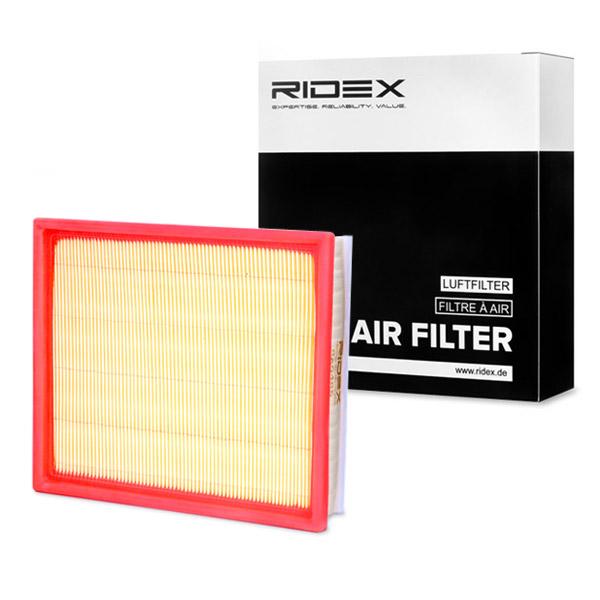 Filtru aer RIDEX dreptunghiular, Filtru aer suplimentar, Insertie filtru, cu filtru prefiltrare 8A0485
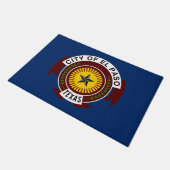 エルパソ市国旗(テキサス州) ドアマット (アングル)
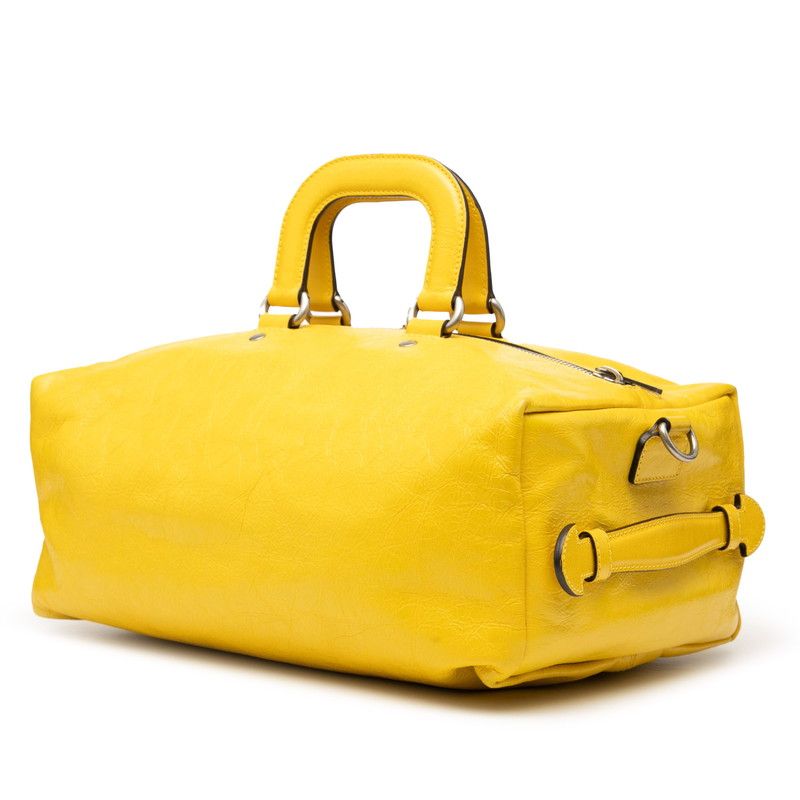 Gucci Interlocking G Boston Bag Shoulder Bag Duffel Bag 3WAY 587866 Yellow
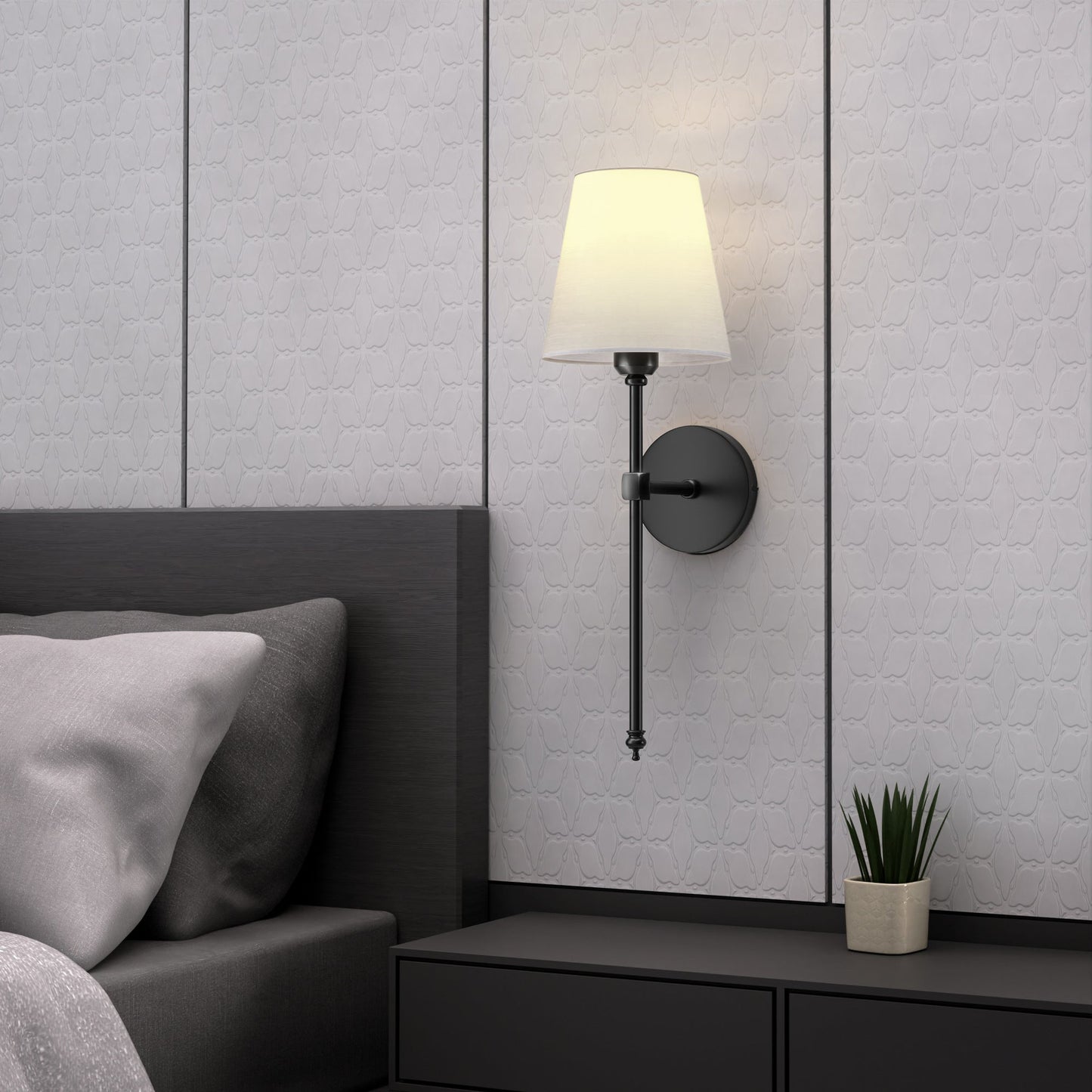 Apliques de pared con cable - Iluminación lujosa y práctica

- - -

**WHAT TO PRODUCE:** Return the whole listing exactly, minus its pictures.

**ANSWER SPACE:**
 Filtru aer RIDEX dreptunghiular, Filtru aer suplimentar, Insertie filtru, cu filtru prefiltrare 8A0485
 エルパソ市国旗(テキサス州) ドアマット (アングル)
 Gucci Interlocking G Boston Bag Shoulder Bag Duffel Bag 3WAY 587866 Yellow
 Apliques de pared con cable - Iluminación lujosa y práctica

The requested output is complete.